Kenny: “Would you be happy if the current minister stayed in his job, would you be happy if the current commissioner stayed in his?”

Wallace: “To be dead honest, Pat, after the last 18 months, I do not find either of them fit for office.”

Kenny: “Finally, you’re own and Clare Daly’s regrets maybe. And about maybe not going public with the case of the taxi driver (Mary Lynch), the abduction, the murder even in Limerick: going public with it sooner.”

Wallace: “Eh, I can tell you…”

Kenny: “Cause it’s mystifying that you didn’t go…”
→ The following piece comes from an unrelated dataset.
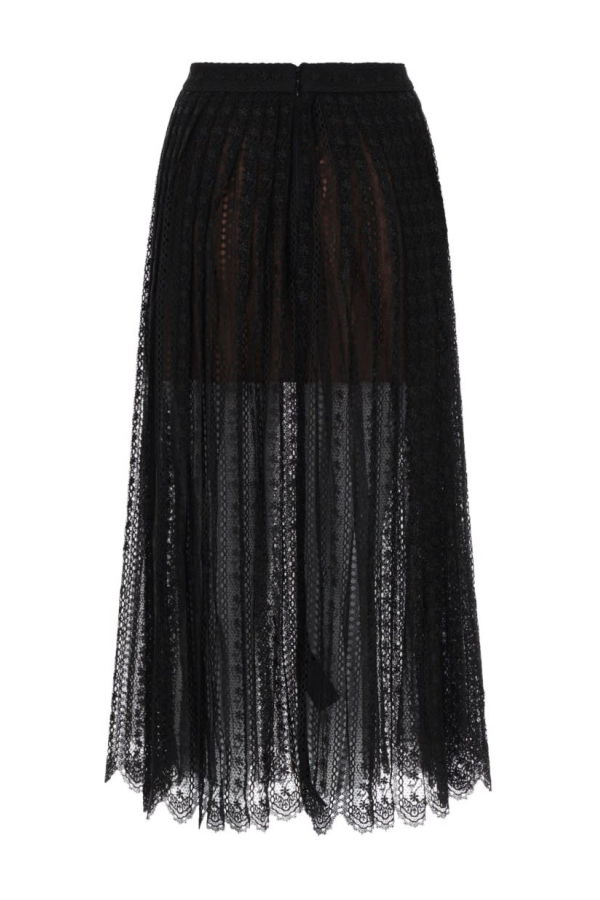 Self-Portrait Lace Midi Skirt - Black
Wallace: “Clare Daly raised a number of the stories that Maurice and John brought to us and nobody took any notice. The whistleblower, the confidential recipient, a man’s head has fallen – and a bit unfairly in lots of ways. Oliver Connolly, Maurice was the one who met him and Maurice would argue for his integrity and his honesty but ultimately…”

Kenny: “Do you think his remark about Shatter therefore, Minister Shatter, was just Oliver Connolly being honest his own personal assessment of Mr Shatter, rather than saying this is chapter and verse, this is what he believed about Minister Shatter.”

Wallace: “The confidential recipient was working for the Minister and the Garda Commissioner really and I mean he was only doing what he could. But I quoted that in the Dáil on the 4th of December, 2012 and, just like the stories that..Ming Flanagan has brought some stories in there,  Joan Collins did, Clare Daly did and there was no interest shown in them. And if you think this is not an isolated case that you just heard this morning, there are hundreds of these unfortunately.”